● Task directions
Every line of the material is to be quoted verbatim, minus the pictures.

● Information shown
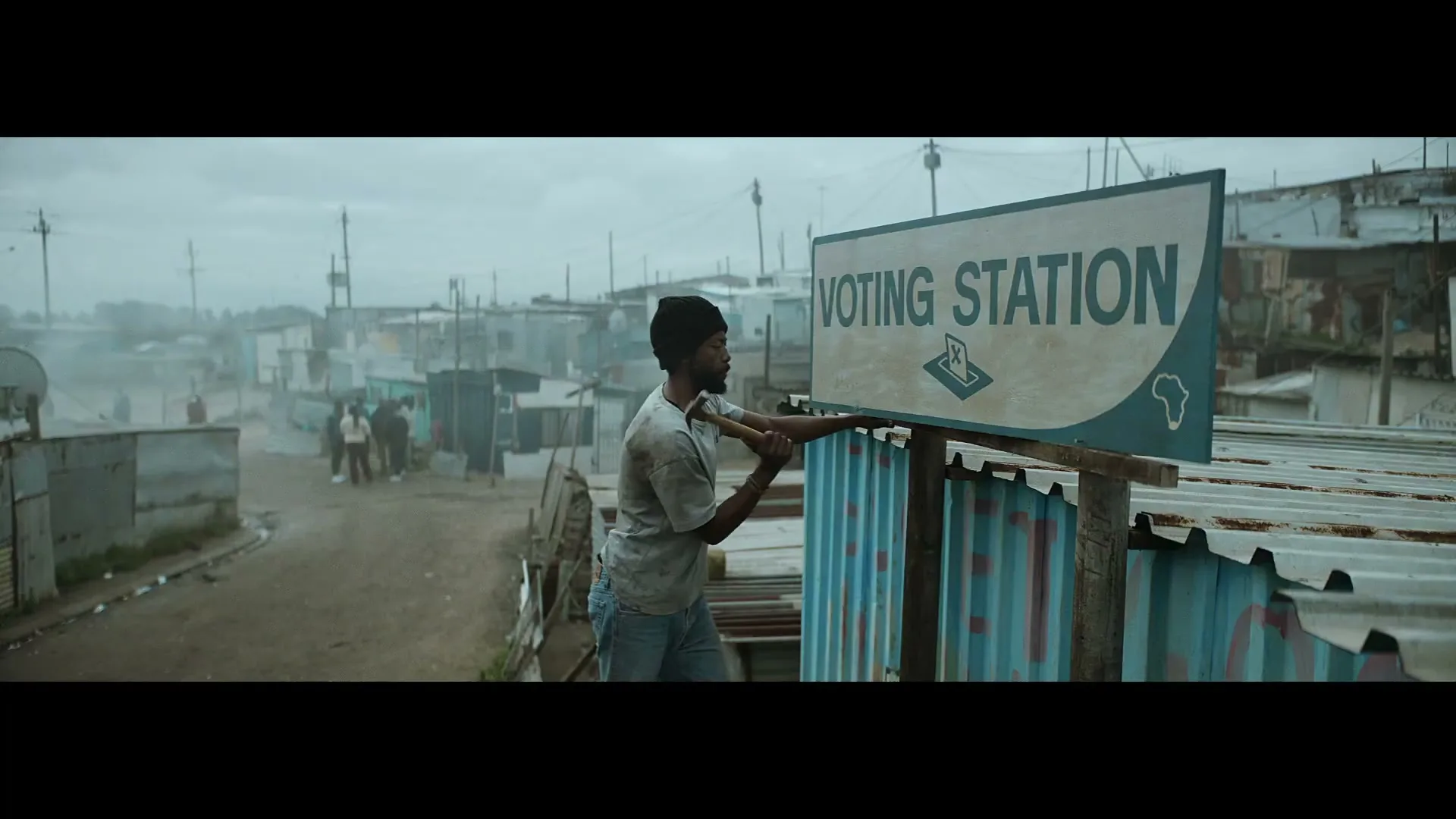 A man in a t-shirt and jeans hammers a "Voting Station" sign onto a corrugated metal fence in a dusty, crowded shantytown.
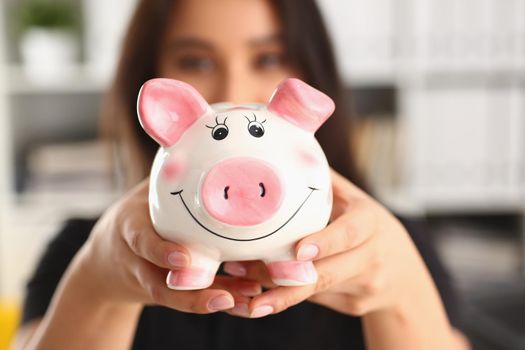 Young woman holding piggy bank in hands pink pig piggy bank. Accumulation of funds concept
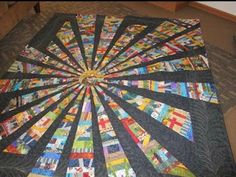 a quilted table topper with many different designs on it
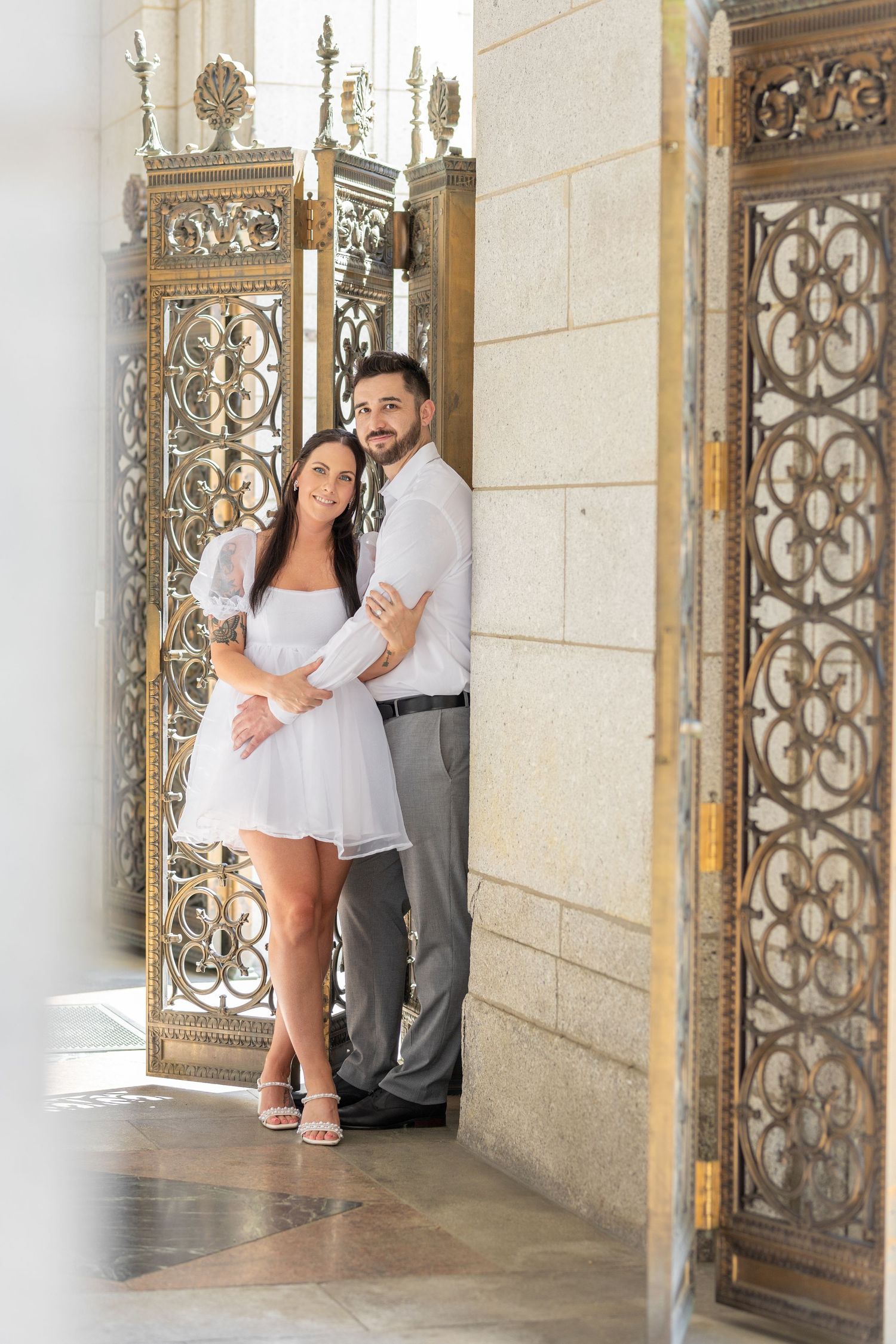 A couple poses together in an ornate hallway with decorative metalwork gates.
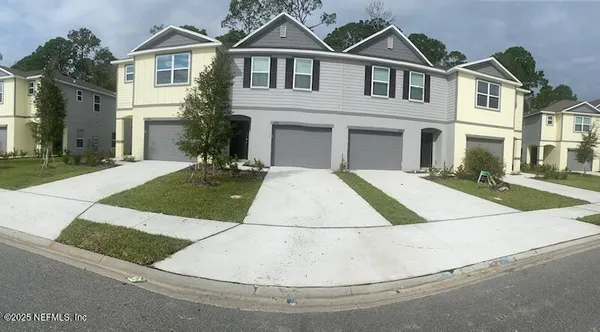 a view of a white house with a yard and large parking space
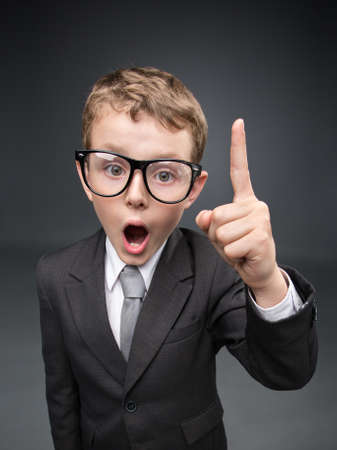 Wide angle portrait of little businessmen in spectacles forefinger gesturing, on grey background. Concept of leadership and successの写真素材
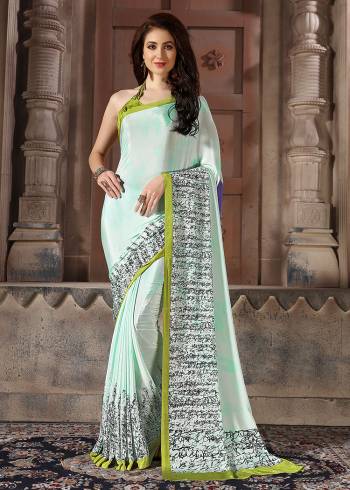 Add Some Casuals With This Pretty Saree Fabricated On Crepe. This Saree And Blouse are Beautified With prints And It Is Light Weight And Easy To Carry All Day Long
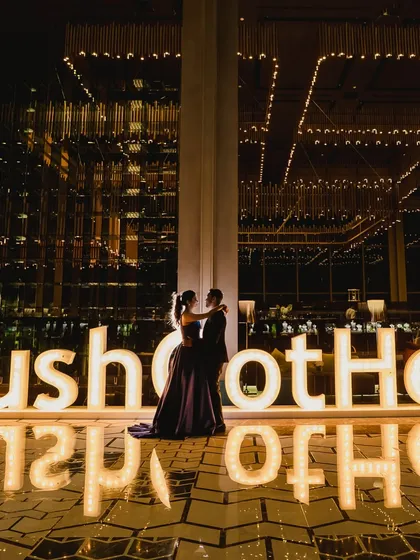 A couple poses in front of a large, illuminated sign with their wedding hashtag. This kind of personalized branding is a key element in our themed events.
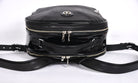 Black leather backpack, The Jaunty by Freedman's, rear view with dual zippers, patent leather accent, and adjustable shoulder straps.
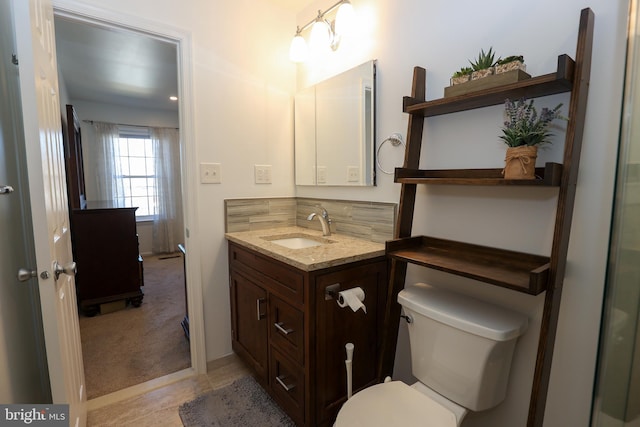 bathroom featuring toilet and vanity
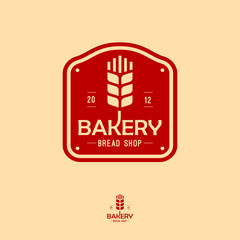 The bakery logo with spike. Bread and baking emblem. Vintage bakery logo. Inscription on a red sign.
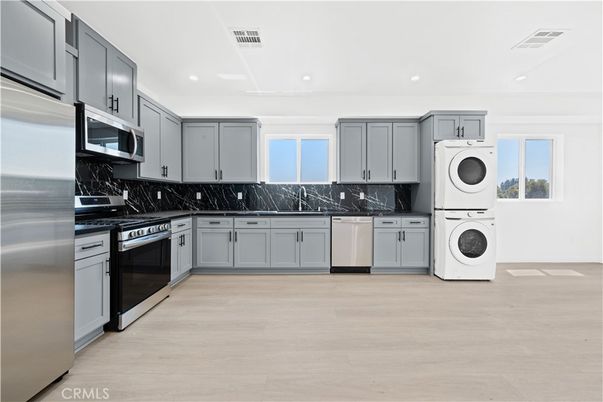 Interior, Kitchen, Marble Walls, Recessed Lighting, Stainless Steel Appliances, Washer, Wood Texture Flooring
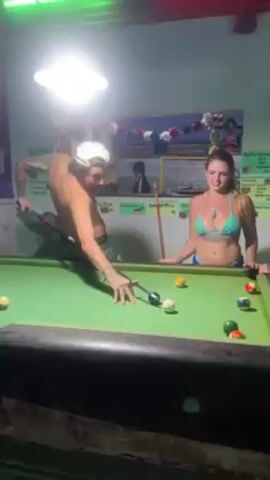 The video shows three people playing pool in a bar-like setting. A shirtless man with tattoos and a backwards cap is lining up a shot on a pool table covered in colorful pool balls. Two women in swimwear are standing on the right side of the pool table, watching the game. One is wearing a blue-green bikini and has tattoos, while the other has a short haircut and is wearing a black cut-out top. The woman in the blue-green bikini exclaims and is excited as the man shoots. The walls behind the pool table are decorated with posters and menus listing various food items like "Pad Thai" and "Green Curry." Overhead, there is bright lighting and some festive decorations.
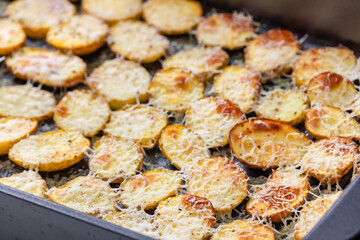 slices of potatoes baked with grated cheese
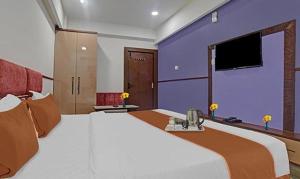 a large bedroom with a large bed and a tv at FabHotel Elite Residency in Indore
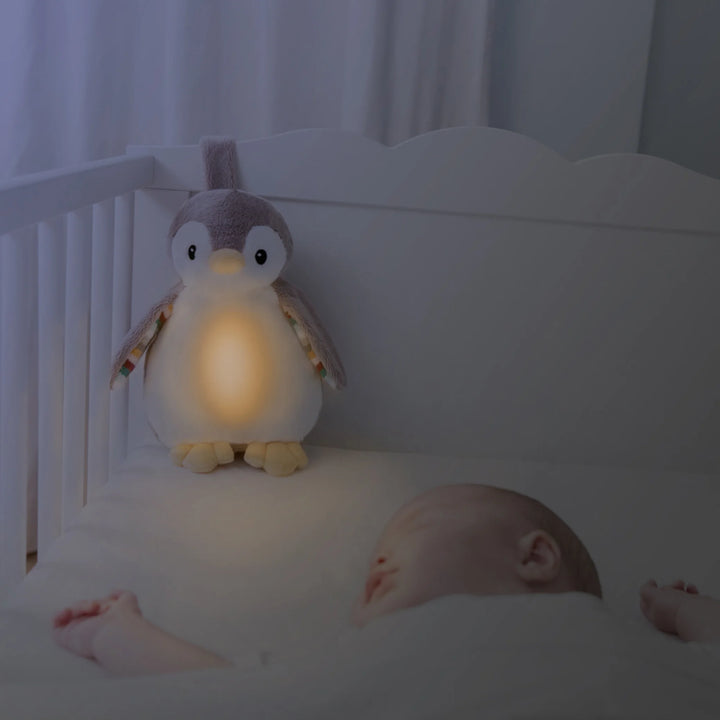 ZAZU Phoebe penguin baby soother glowing with warm nightlight inside a crib beside a sleeping baby.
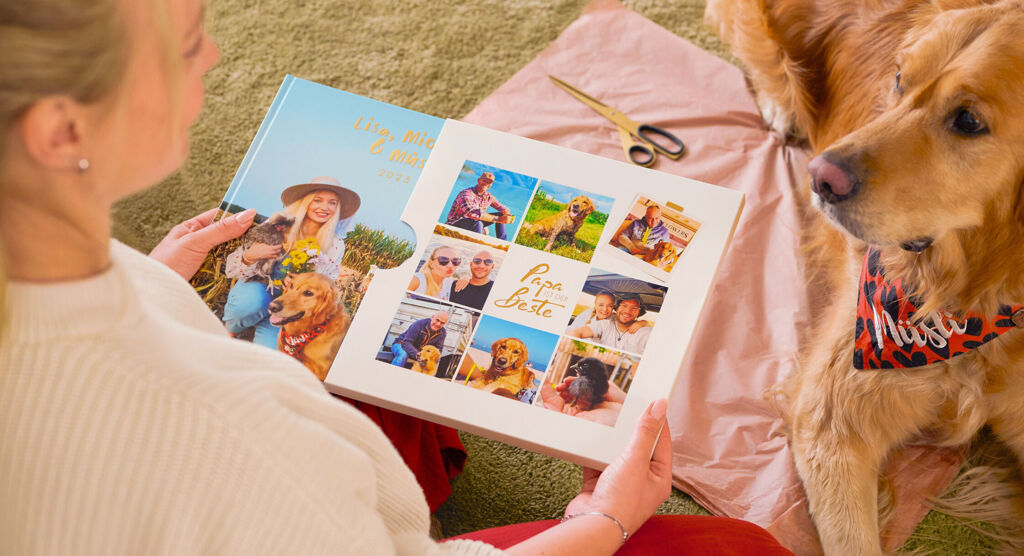 Eine Frau sitzt mit ihrem Hund auf einer Decke und betrachtet ihr bunt gestaltetes CEWE FOTOBUCH mit Schuber.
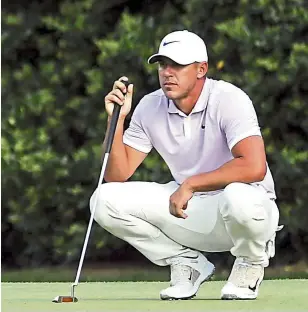  ??  ?? Making his move: Brooks Koepka of the United States lining up a putt on the 11th green during the third round. — AFP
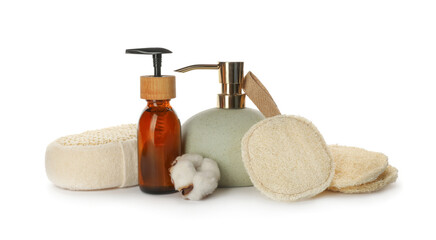 Set of toiletries with natural loofah sponges on white background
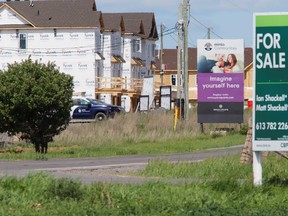 Real estate signs stand in front of new homes being constructed in Ottawa, Ontario, Canada, May 27, 2021. REUTERS/Patrick Doyle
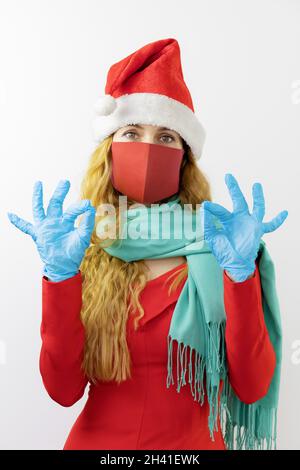 Lady santa zeigt in einer Schutzmaske türkisfarbenen Schal und blauen medizinischen Handschuhen ok Geste Stockfoto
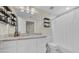 Cozy bathroom offering a single vanity, shower and tub combo, and extra shelving for storage at 10101 Bryant Rd, Lithia, FL 33547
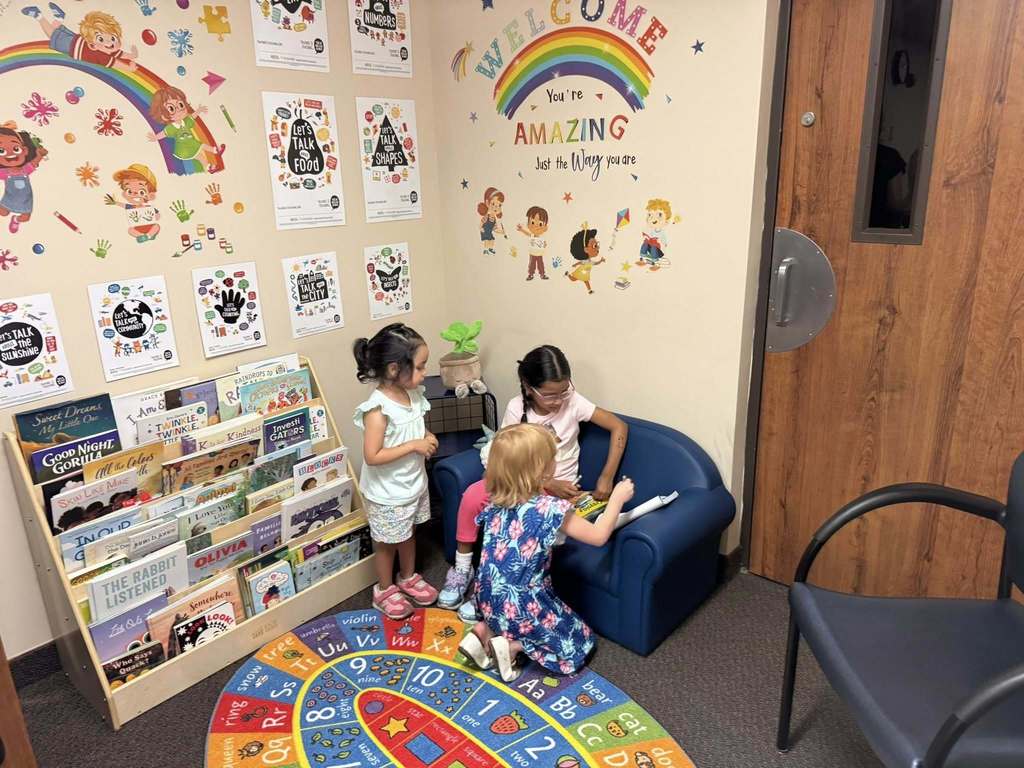 Three young children sit in the next Talking is Teaching space at the Early Childhood Court.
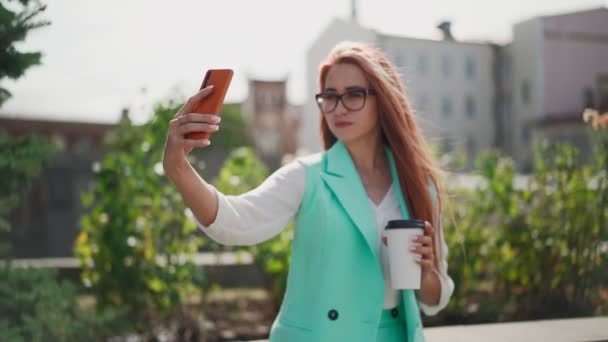 一个戴眼镜的漂亮的现代女人 穿着时髦的蓝绿色西装 手上拿着长长的红头发和咖啡 在城市建筑的背景下 用手机自拍 慢动作 — 图库视频影像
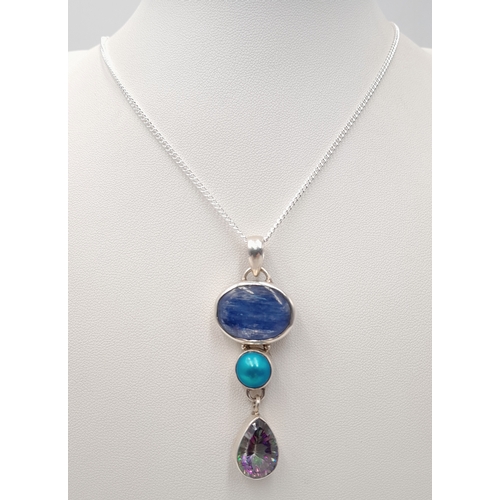 1084 - A Vintage Sterling Silver Kyanite and Mystic Topaz Pendant on a later 46cm Length Sterling Silver Ch... 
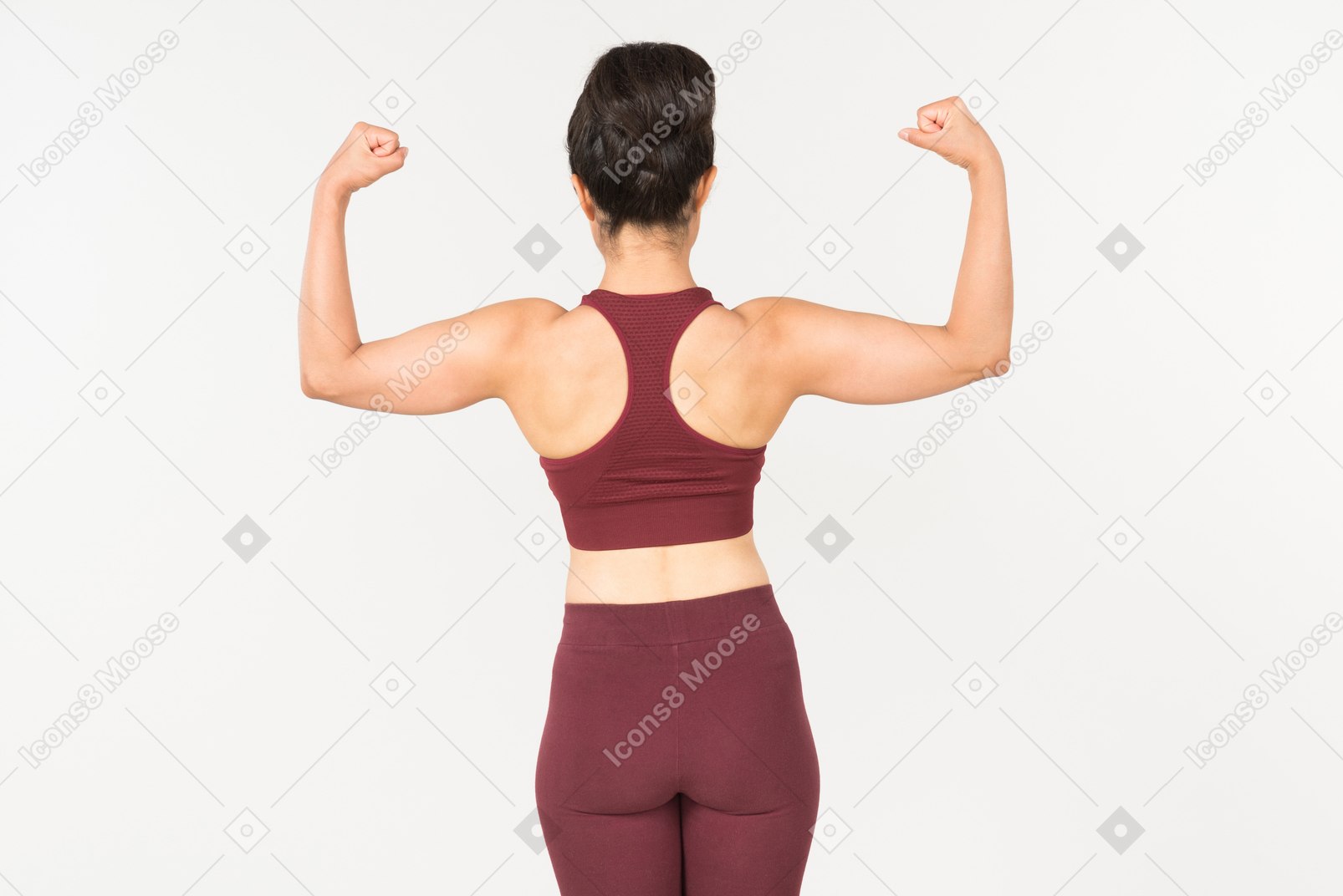 Giovane donna indiana in abiti sportivi che mostra i muscoli e in piedi di nuovo alla fotocamera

● Result of the exercise
 A man in a t-shirt and jeans hammers a "Voting Station" sign onto a corrugated metal fence in a dusty, crowded shantytown.
 Young woman holding piggy bank in hands pink pig piggy bank. Accumulation of funds concept
 a quilted table topper with many different designs on it
 A couple poses together in an ornate hallway with decorative metalwork gates.
 a view of a white house with a yard and large parking space
 Wide angle portrait of little businessmen in spectacles forefinger gesturing, on grey background. Concept of leadership and successの写真素材
 Add Some Casuals With This Pretty Saree Fabricated On Crepe. This Saree And Blouse are Beautified With prints And It Is Light Weight And Easy To Carry All Day Long
 A couple poses in front of a large, illuminated sign with their wedding hashtag. This kind of personalized branding is a key element in our themed events.
 Black leather backpack, The Jaunty by Freedman's, rear view with dual zippers, patent leather accent, and adjustable shoulder straps.
 bathroom featuring toilet and vanity
 The bakery logo with spike. Bread and baking emblem. Vintage bakery logo. Inscription on a red sign.
 Interior, Kitchen, Marble Walls, Recessed Lighting, Stainless Steel Appliances, Washer, Wood Texture Flooring
 The video shows three people playing pool in a bar-like setting. A shirtless man with tattoos and a backwards cap is lining up a shot on a pool table covered in colorful pool balls. Two women in swimwear are standing on the right side of the pool table, watching the game. One is wearing a blue-green bikini and has tattoos, while the other has a short haircut and is wearing a black cut-out top. The woman in the blue-green bikini exclaims and is excited as the man shoots. The walls behind the pool table are decorated with posters and menus listing various food items like "Pad Thai" and "Green Curry." Overhead, there is bright lighting and some festive decorations.
 slices of potatoes baked with grated cheese
 a large bedroom with a large bed and a tv at FabHotel Elite Residency in Indore
 ZAZU Phoebe penguin baby soother glowing with warm nightlight inside a crib beside a sleeping baby.
 Eine Frau sitzt mit ihrem Hund auf einer Decke und betrachtet ihr bunt gestaltetes CEWE FOTOBUCH mit Schuber.
  ??  ?? Making his move: Brooks Koepka of the United States lining up a putt on the 11th green during the third round. — AFP
 Set of toiletries with natural loofah sponges on white background
 Real estate signs stand in front of new homes being constructed in Ottawa, Ontario, Canada, May 27, 2021. REUTERS/Patrick Doyle
 Lady santa zeigt in einer Schutzmaske türkisfarbenen Schal und blauen medizinischen Handschuhen ok Geste Stockfoto
 Cozy bathroom offering a single vanity, shower and tub combo, and extra shelving for storage at 10101 Bryant Rd, Lithia, FL 33547
 Three young children sit in the next Talking is Teaching space at the Early Childhood Court.
 一个戴眼镜的漂亮的现代女人 穿着时髦的蓝绿色西装 手上拿着长长的红头发和咖啡 在城市建筑的背景下 用手机自拍 慢动作 — 图库视频影像
 1084 - A Vintage Sterling Silver Kyanite and Mystic Topaz Pendant on a later 46cm Length Sterling Silver Ch... 
 Giovane donna indiana in abiti sportivi che mostra i muscoli e in piedi di nuovo alla fotocamera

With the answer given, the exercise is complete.